Headquartered in Suzhou Industrial Park, Ascentage Pharma focuses on the research and development of original drugs. The company has established multiple core technologies in the field of drug design and optimization based on targeted protein structures, holds more than 40 international invention patents, and has successfully developed nearly 10 original small-molecule targeted anti-tumor drugs that have entered preclinical or various stages of international clinical studies.
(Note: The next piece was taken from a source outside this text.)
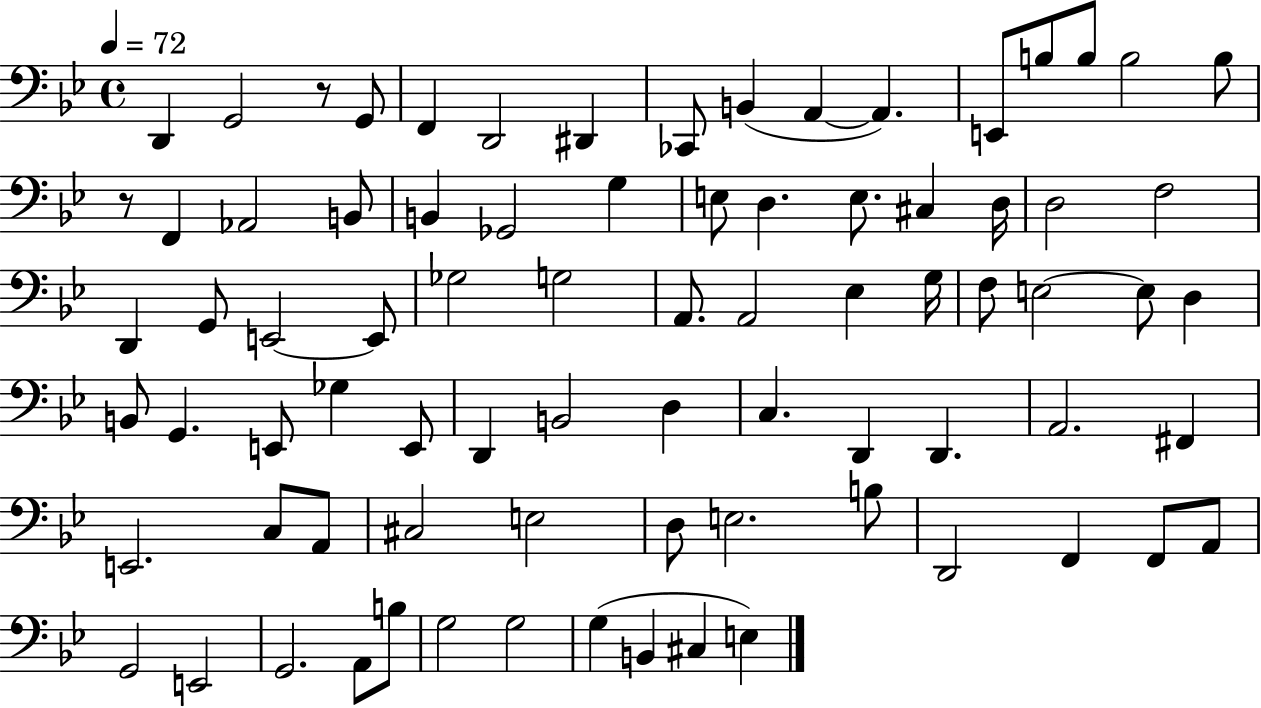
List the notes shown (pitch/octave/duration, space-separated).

D2/q G2/h R/e G2/e F2/q D2/h D#2/q CES2/e B2/q A2/q A2/q. E2/e B3/e B3/e B3/h B3/e R/e F2/q Ab2/h B2/e B2/q Gb2/h G3/q E3/e D3/q. E3/e. C#3/q D3/s D3/h F3/h D2/q G2/e E2/h E2/e Gb3/h G3/h A2/e. A2/h Eb3/q G3/s F3/e E3/h E3/e D3/q B2/e G2/q. E2/e Gb3/q E2/e D2/q B2/h D3/q C3/q. D2/q D2/q. A2/h. F#2/q E2/h. C3/e A2/e C#3/h E3/h D3/e E3/h. B3/e D2/h F2/q F2/e A2/e G2/h E2/h G2/h. A2/e B3/e G3/h G3/h G3/q B2/q C#3/q E3/q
All projects under development are original Class 1.1 new drugs with novel compound structures.

 

Ascentage Pharma originated from the R&D center established in Shanghai by Ascenta Therapeutics, which was jointly founded by three experts: Dr. Dajun Yang, Dr. Shaomeng Wang, and Dr. Ming Guo. Dr. Dajun Yang previously served as an Associate Professor and Senior Investigator at the Lombardi Comprehensive Cancer Center of Georgetown University. He also holds adjunct positions as a Professor and Doctoral Supervisor at the Sun Yat-sen University Cancer Center. Dr. Yang is the author or co-author of 92 papers and holds 14 invention patents. In 2004, he founded Ascenta Therapeutics and served as Senior Vice President of Research and Preclinical Development. Dr. Shaomeng Wang is a tenured professor at the University of Michigan and serves as Co-Director of the Experimental Therapeutics Program at the University of Michigan Comprehensive Cancer Center. Dr. Ming Guo has held various technical and managerial positions at Pfizer and previously served as an Independent Non-Executive Director at Porton Pharma Solutions.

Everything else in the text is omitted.